Zwischen Rihanna und Sari

Die ersten Tage hier in Bangalore vergingen blitzschnell – ich sitze in meinem Zimmer auf einer kleinen Bank, draußen prasselt das erste Mal der Regen und die kühle, feuchte Luft breitet sich durch den Spalt der Tür auch endlich in meinem Zimmer aus. Die dünne Gittertür, die Mosquitos, Streifenhörnchen, Mäuse und Ratten abhalten soll wird hoffentlich ihren Dienst erfüllen und meine mit 13 Stichen lädierten Füße können etwas abschwellen.

 

 

Ich wohne also hier in Malleshwaram mit Auntie, einer älteren Dame, wahrscheinlich Ende 70 und ihrem 40-jährigen Sohn Praveen in einem zweistöckigen Apartment. Auntie ist ehemaligen Zoologie Professorin und übersetzt gelegentlich Texte. Praveen arbeitet von Zuhause aus als Übersetzer für Hindi, Englisch, Französisch, Spanisch und weitere indische Sprachen. Mein Zimmer ist eines von zwei der im 1. Stock liegenden Gästezimmer. Das andere Zimmer belegt zur Zeit Lea, eine Freiwillige, die im März in der DSF angefangen hat, aber im Moment für zwei Wochen im Urlaub ist. Die beiden Gästezimmer mit jeweils anliegendem Bad sind durch eine verdunkelte Glastür voneinander getrennt. Mein Zimmer bildet den Eingang zur wunderschönen Dachterrasse, weshalb Auntie morgens vorsichtig durch mein Zimmer schleicht, um die Pflanzen zu gießen.
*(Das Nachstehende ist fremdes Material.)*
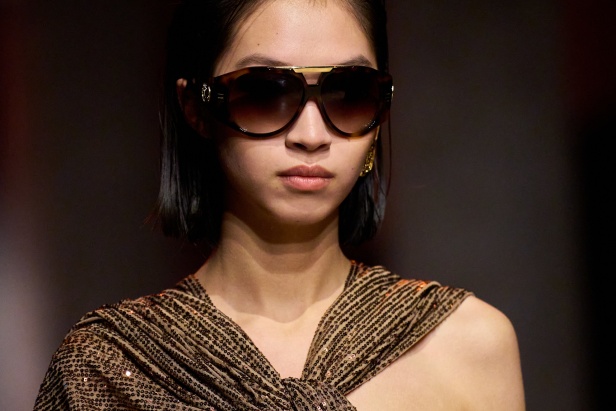 مجموعة إيلي صعب لربيع 2026... أناقة خالدة وتنسيقات جريئة غير متوقّعة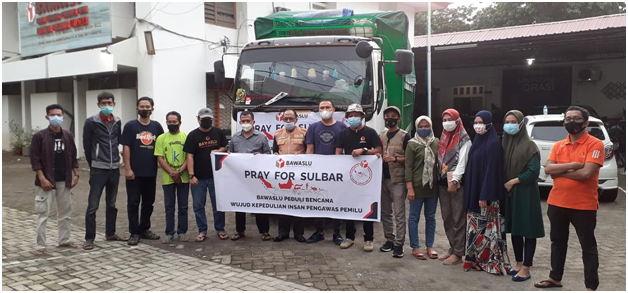 Bencana Alam Sulawesi Barat, Bawaslu Sidrap Salurkan Bantuan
Ein Vorhang gibt meinem Bett dann  etwas Privatsphäre. Wie ich über Sharmeela erfahren habe, bin ich in einem typischen Brahmin Haushalt, der höchsten Kaste Indiens, gelandet. Dies bedeutet für mich, dass es mir nicht gestattet ist Fleischgerichte mitzubringen oder zum Beispiel Dinge mit den Beinen oder Füßen zu berühren. Auntie betet am Morgen und steht dafür sehr früh auf und am Abend klingen die hinduistischen Lieder von ihrem Handy durch das Haus. Praveen hält von diesen Traditionen nicht viel, generell ist er eher westlich orientiert. Er hat in Kanada und den USA studiert und mir bereits stolz seine Sammlung maßgeschneideter Cowboy-Boots präsentiert – ein starker Gegensatz zu seiner Mutter, die sich nur in Sari durch das Haus bewegt. Praveen war bereits zwei Mal in Form von arrangierten Ehen verheiratet – Auntie sucht noch immer nach einer geeigneten Frau, während Praveen jedoch lieber alleine bleiben würde, bevor wieder eine Beziehung zerbricht. 

 

Die letzten beiden Abende habe ich mit Praveen und Auntie zusammen am Esstisch im Erdgeschoss gegessen. Auntie kocht selbst, den Abwasch erledigt jedoch das Hausmädchen am nächsten Morgen. In meinem Zimmer befindet sich neben dem Bett und dem Bad in einer Kommode und einem Regal, Teller, Besteck, Wasserkocher und alles weitere was ich für das Frühstück brauche. Ich esse also nur mit Praveen und Auntie, wenn ich dazu eingeladen werde, ansonsten versorge ich mich selbst, wärme das Essen in der Mikrowelle unten auf und esse (noch) alleine in meinem Zimmer oder der Terrasse. Im Anschluss kann ich draußen in einem Waschbecken meine Utensilien spülen – diese Handhabung hat in den ersten Tagen für starke Verwirrungen bei mir gesorgt. Auch wenn ich die 14 Hausregeln gelesen hatte, hatte mich über diesen Ablauf niemand aufgeklärt, sodass ich versehentlich meine Teller unten gespült habe und dezente Hinweise zur Unterlassung von Auntie erhielt. Aber nun weiß ich Bescheid und kann dem Protokoll weiter Folge leisten. 

 

 

Meine erste Tätigkeit am Morgen meines ersten Tages: das Bad putzen. Das Badezimmer wirkte nicht sonderlich schmutzig, aber auch nicht wirklich sauber. Ich schiebe die Schuld erstmal auf die vorherigen Freiwilligen, da in den House Rules steht, dass Badezimmer und insbesondere Toilette von den Freiwilligen selbstständig gereinigt werden müssen. Ich habe mich zwar nicht im Bad geekelt, keinesfalls, aber ich muss den Zustand ja auch nicht für die nächsten 6 Monate so hinnehmen. Also versuchte ich erstmal mit meinen Mittelchen etwas sauber zu machen, bevor ich am nächsten Tag Putzmittel und Lappen aus dem Supermarkt kaufte. Im Anschluss machte ich meine erste echte Erfahrung mit dem neuen Duschsystem: Wasser in den großen Eimer, Becher mit Wasser füllen und ganz nach Herzenslust über den Körper schütten. Dabei wird das gesamte Bad unter Wasser gesetzt (sehr nützlich, wenn man eh vor hat zu putzen) das anschließend mit einem kleinen "Reisigbesen" aus Plastik in den Abfluss geschoben wird. Das nicht ganz so warme Wasser ist dabei wahnsinnig erfrischend! 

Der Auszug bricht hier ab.